=== Data shown ===

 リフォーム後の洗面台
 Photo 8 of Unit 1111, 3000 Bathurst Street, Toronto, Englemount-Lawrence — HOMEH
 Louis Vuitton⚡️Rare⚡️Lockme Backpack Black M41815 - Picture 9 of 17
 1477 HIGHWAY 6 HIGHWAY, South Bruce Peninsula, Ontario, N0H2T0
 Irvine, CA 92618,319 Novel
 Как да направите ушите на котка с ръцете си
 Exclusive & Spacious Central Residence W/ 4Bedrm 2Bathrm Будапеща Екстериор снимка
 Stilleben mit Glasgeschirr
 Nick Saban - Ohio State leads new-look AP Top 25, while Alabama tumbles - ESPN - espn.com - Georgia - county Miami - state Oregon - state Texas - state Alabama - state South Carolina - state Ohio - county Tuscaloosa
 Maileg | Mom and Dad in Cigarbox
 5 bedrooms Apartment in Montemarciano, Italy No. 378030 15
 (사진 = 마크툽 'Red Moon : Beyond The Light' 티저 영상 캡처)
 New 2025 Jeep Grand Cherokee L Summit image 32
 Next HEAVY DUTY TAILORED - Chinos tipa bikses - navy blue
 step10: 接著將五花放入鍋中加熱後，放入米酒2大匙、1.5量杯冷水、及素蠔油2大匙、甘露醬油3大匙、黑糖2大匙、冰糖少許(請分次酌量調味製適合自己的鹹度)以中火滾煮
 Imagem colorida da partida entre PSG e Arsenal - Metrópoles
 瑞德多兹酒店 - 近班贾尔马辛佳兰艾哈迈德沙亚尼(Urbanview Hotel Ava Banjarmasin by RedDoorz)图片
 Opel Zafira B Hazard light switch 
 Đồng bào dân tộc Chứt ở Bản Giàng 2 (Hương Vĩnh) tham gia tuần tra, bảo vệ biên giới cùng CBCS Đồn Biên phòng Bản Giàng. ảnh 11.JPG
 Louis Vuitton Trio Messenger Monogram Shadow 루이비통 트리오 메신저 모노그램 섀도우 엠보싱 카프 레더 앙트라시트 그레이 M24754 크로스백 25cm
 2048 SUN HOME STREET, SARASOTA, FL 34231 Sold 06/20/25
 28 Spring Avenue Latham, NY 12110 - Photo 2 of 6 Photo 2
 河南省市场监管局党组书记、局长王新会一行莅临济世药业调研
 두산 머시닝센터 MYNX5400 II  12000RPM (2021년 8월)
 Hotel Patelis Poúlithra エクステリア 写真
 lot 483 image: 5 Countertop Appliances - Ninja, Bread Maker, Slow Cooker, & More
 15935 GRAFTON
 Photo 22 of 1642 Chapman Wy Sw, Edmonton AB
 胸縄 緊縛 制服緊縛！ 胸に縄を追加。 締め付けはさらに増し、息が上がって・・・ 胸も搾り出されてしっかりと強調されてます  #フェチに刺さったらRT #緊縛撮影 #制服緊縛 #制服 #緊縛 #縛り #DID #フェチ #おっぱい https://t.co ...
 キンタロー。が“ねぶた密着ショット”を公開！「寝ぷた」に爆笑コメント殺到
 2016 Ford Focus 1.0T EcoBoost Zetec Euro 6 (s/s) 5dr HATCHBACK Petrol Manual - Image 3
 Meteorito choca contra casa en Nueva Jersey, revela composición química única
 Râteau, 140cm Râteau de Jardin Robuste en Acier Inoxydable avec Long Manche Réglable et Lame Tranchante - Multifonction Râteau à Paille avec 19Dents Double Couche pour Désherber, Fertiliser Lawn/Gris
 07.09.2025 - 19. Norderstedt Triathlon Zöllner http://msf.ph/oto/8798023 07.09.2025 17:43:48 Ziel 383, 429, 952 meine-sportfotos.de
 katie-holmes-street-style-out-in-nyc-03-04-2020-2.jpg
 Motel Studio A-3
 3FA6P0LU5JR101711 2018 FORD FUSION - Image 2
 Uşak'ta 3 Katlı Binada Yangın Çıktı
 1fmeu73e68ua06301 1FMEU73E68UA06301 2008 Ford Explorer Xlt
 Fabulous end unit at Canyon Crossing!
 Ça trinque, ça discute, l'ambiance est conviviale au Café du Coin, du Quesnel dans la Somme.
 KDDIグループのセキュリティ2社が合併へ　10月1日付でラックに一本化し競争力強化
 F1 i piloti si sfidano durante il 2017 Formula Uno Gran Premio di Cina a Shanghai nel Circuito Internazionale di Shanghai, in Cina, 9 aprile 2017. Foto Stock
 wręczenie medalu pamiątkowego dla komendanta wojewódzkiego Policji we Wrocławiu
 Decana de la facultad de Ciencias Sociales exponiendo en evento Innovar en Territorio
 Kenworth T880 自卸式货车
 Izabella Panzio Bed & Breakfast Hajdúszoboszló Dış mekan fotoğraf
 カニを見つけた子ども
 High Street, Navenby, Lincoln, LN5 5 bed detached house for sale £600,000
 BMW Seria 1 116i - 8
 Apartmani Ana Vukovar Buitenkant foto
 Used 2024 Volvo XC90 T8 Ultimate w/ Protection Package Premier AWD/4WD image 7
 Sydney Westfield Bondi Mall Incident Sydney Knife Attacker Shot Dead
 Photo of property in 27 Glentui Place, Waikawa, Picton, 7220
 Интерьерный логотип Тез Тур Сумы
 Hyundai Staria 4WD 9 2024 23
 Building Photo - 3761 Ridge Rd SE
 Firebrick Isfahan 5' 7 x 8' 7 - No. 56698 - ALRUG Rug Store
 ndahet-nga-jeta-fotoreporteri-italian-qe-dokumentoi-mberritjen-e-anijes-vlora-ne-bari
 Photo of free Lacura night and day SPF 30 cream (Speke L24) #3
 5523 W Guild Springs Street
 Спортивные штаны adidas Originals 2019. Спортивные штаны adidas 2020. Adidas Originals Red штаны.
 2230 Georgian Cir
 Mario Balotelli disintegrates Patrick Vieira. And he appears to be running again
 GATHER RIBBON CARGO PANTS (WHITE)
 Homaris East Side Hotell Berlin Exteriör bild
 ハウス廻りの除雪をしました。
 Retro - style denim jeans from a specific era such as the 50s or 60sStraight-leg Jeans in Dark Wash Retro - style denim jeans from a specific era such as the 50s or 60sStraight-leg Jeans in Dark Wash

===

For every line above that holds the string "South", add one to a count; give that count alone.

Solution → 2